In summary, the TGA results indicated a higher thermostability of terpolyesters compared to homopolyesters by incorporation of ferulate units. This is taken as a first indication to a more favourable fire behaviour. All copolyesters are stable until 300 °C.

Study of crosslinkability by electron beam treatment

The ability to polymerise the double bond in the F units of the terpolyesters after polycondensation and melt processing was studied using the P(T-E-F) series and one sample of the P(T-B-F) series as representative samples. The monomeric FA is a sterically hindered 1,2-disubstituted acrylic monomer. Thus, it is not expected to easily undergo thermal polymerisation. Only a few reports described thermal copolymerisation with styrene initiated by the radical initiator azobis(isobutyronitrile) (AIBN), resulting in rather low molar mass oligomers.45

Preliminary experiments with the sample P(T-E-F)-2 in solution and bulk at 250 °C did not yield any sign of crosslinking.
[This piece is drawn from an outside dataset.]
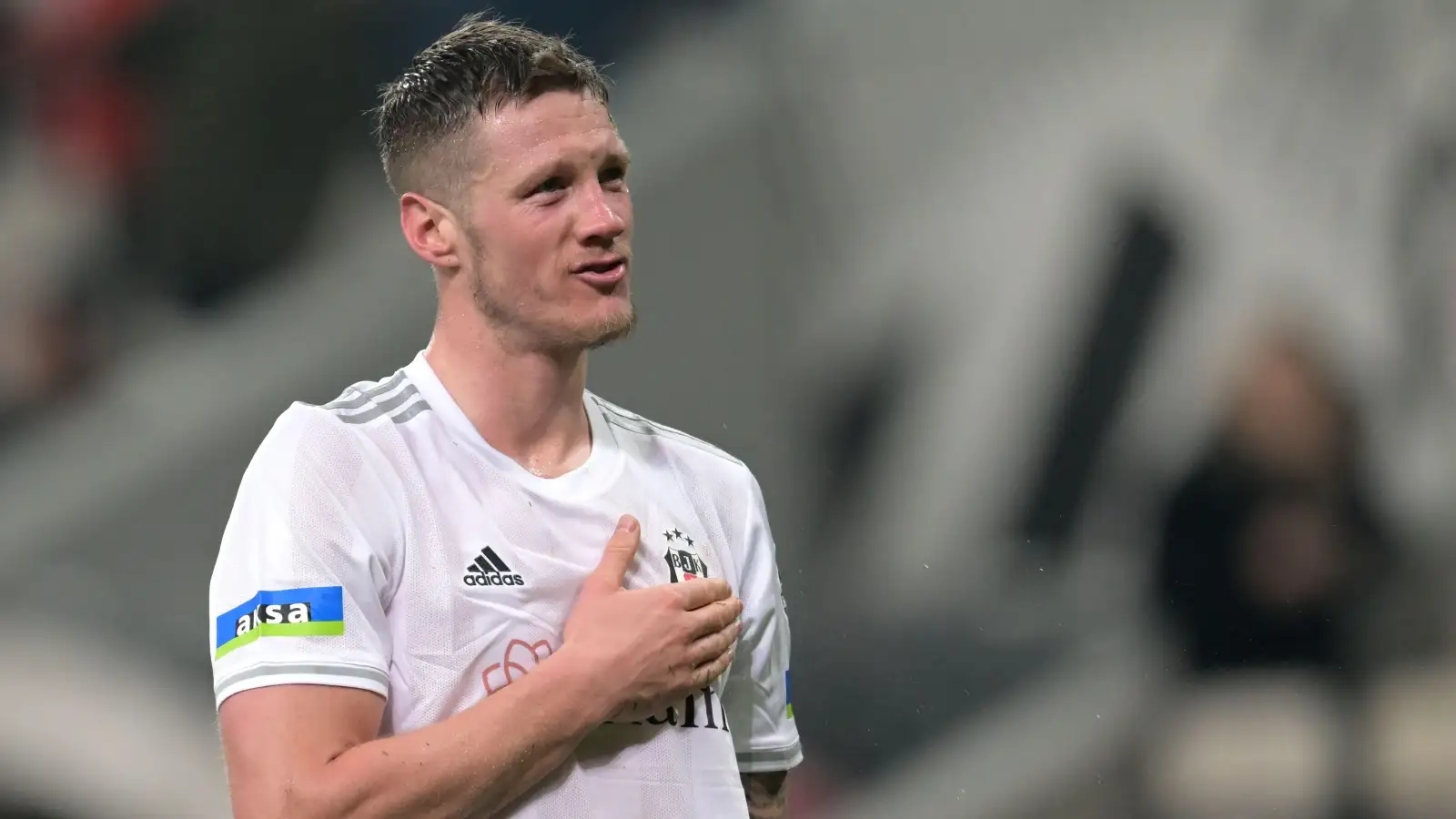 Besiktas present Weghorst - No loan fee to Burnley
The same was observed after UV irradiation. Thus, we choose for the study presented the method of e-beam irradiation (EB). Initial experiments with sample P(T-E-F)-2 at room temperature with doses between 100 and 600 kGy also did not result in crosslinking. Consequently, the melt-pressed copolyester samples as well as the melt-pressed non-modified homopolyesters (PET and PBT) were irradiated at a temperature above Tg (typically 110–120 °C) to ensure high molecular mobility of the polymer chains in the amorphous phase. Different doses up to 600 kGy were applied and the resulting samples were evaluated using solubility in the solvent mixture PFP/CHCl3 after 45 min. The photographic images of all irradiated samples are shown in ESI Fig. 37, their appearance in PFP/CHCl3 (gel contents) are summarised in ESI Fig. 38.
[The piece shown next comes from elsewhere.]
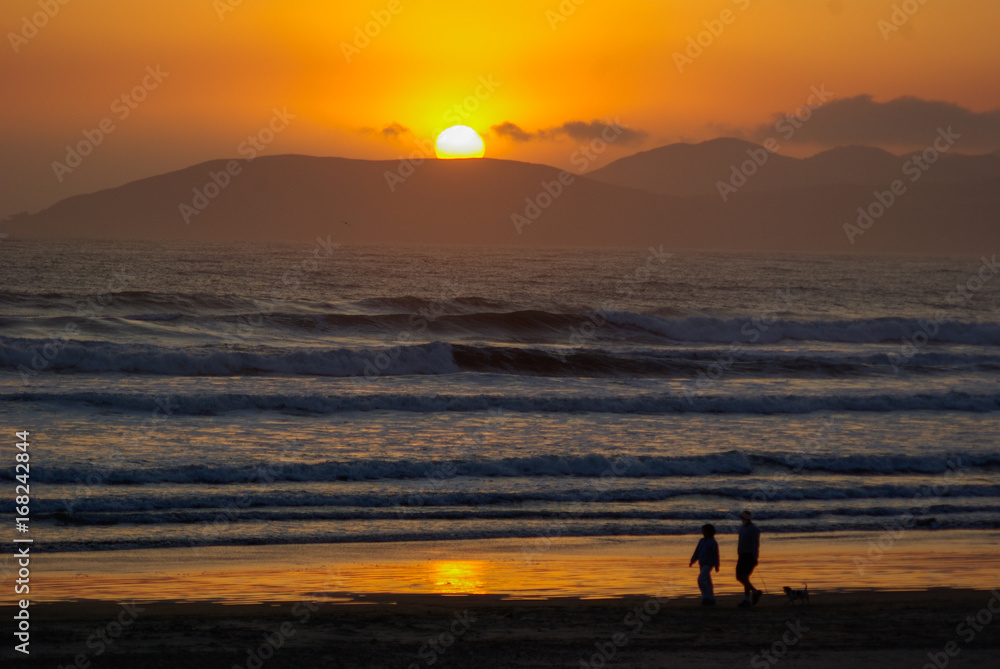 Fototapeta premium Golden Sunset on the beach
All non-irradiated samples independent of their F content were completely soluble in PFP/CHCl3. Increasing F content yielded melt-pressed films with a brownish colour (ESI Fig. 37). PET and PBT films were transparent and remained colourless after EB treatment with all doses. They were completely soluble in PFP/CHCl3 after EB irradiation. That means, EB treatment did not cause significant changes in the chemical structure of PET and PBT and no crosslinking. Irradiated samples of the P(T-E-F) series showed partial crosslinking, visible by swollen, gelled parts in PFP/CHCl3. The gel content was enhanced with both increasing F content as well as increasing dose (ESI Fig. 38), which is demonstrated in Fig. 8 for sample P(T-E-F)-2 with 4.3 mol% F.
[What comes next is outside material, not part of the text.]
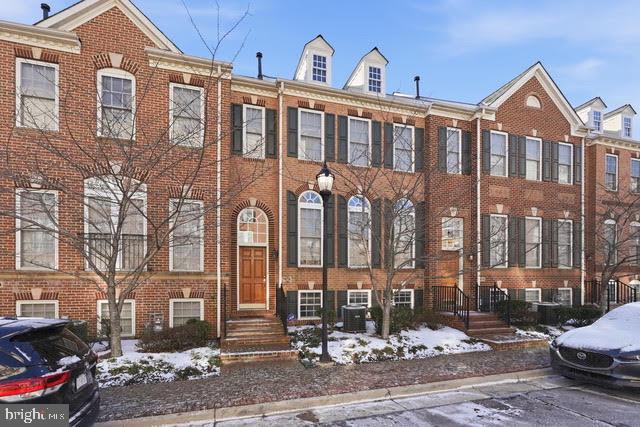 RESERVE AT TYSONS CORNER - Residential Lease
image file: d1py00851j-f8.tif
Fig. 8 Influence of the applied EB dose on the gel content in sample P(T-E-F)-2.

Samples P(T-B-F)-1 showed comparable behaviour (ESI Fig. 39). Selected samples were analysed before and after EB irradiation by Raman spectroscopy. The double bond in the starting sample P(T-E-F)-2 was only weakly visible by broadening of the band at 1645 cm−1. EB irradiation resulted in a very weak change of this shoulder (ESI Fig. 40), which cannot be taken as proof of the reaction of the double bonds.

The results discussed above demonstrated that melt-processed terpolyesters with F comonomers can be successfully crosslinked by EB treatment.

Mechanical tests

Selected copolyesters were melt-pressed to obtain samples for a preliminary evaluation of mechanical properties and the influence of EB treatment. Hardness tests (Shore D and compression tests) did not reveal significant differences between the samples. The shore D hardness of the F-containing sample P(T-E-F)-2 was comparable to PET (see ESI Table 2). No influence of EB treatment was observed. This could be due to the thickness of the sample which exceeded the irradiation depth by several times. Therefore, melt-spun fibres of sample P(T-E-F)-2 were further analysed with and without EB treatment, to determine whether fibres as thinner samples would show a more pronounced effect of EB treatment. The fibre thickness of about 80 μm allowed complete irradiation of the sample volume. The values of the tensile tests of non-treated and EB treated fibres are summarised in Table 2, the stress–strain curves are given in ESI Fig. 40 and 41.
Table 2 Tensile test results of as-spun and EB treated fibres of the sample P(T-E-F) with 4.3 mol% F units
Polymer P(T-E-F)-2 E t (MPa) σ m (MPa) ε b (%)
As-spun 4200 ± 137 28.7 ± 9.7 0.6 ± 0.2
EB treated (600 kGy) 4286 ± 69 57.6 ± 7.6 1.4 ± 0.2


The preliminary experiments showed an increase of E modulus Et, tensile strength σm and elongation at break εb after EB treatment. The stress–strain curves are given in ESI Fig. 41 and 42. Detailed examinations will be performed in the future.

4 Conclusions

In this contribution, terpolyesters based on PET, PBT, PTT, PiPrT, PBS and containing ferulate units were reported. The terpolyesters could be prepared successfully by transesterification copolycondensation without thermal polymerisation of the double bonds and yielded soluble products. This is, to the best of our knowledge, the first report about such polyesters with significant molar content of ferulate units. The chemical structure of the terpolyesters were studied in detail by NMR spectroscopy and SEC. These methods demonstrated that high molar mass polyesters with unimodal molar mass distribution and random monomer sequences were formed.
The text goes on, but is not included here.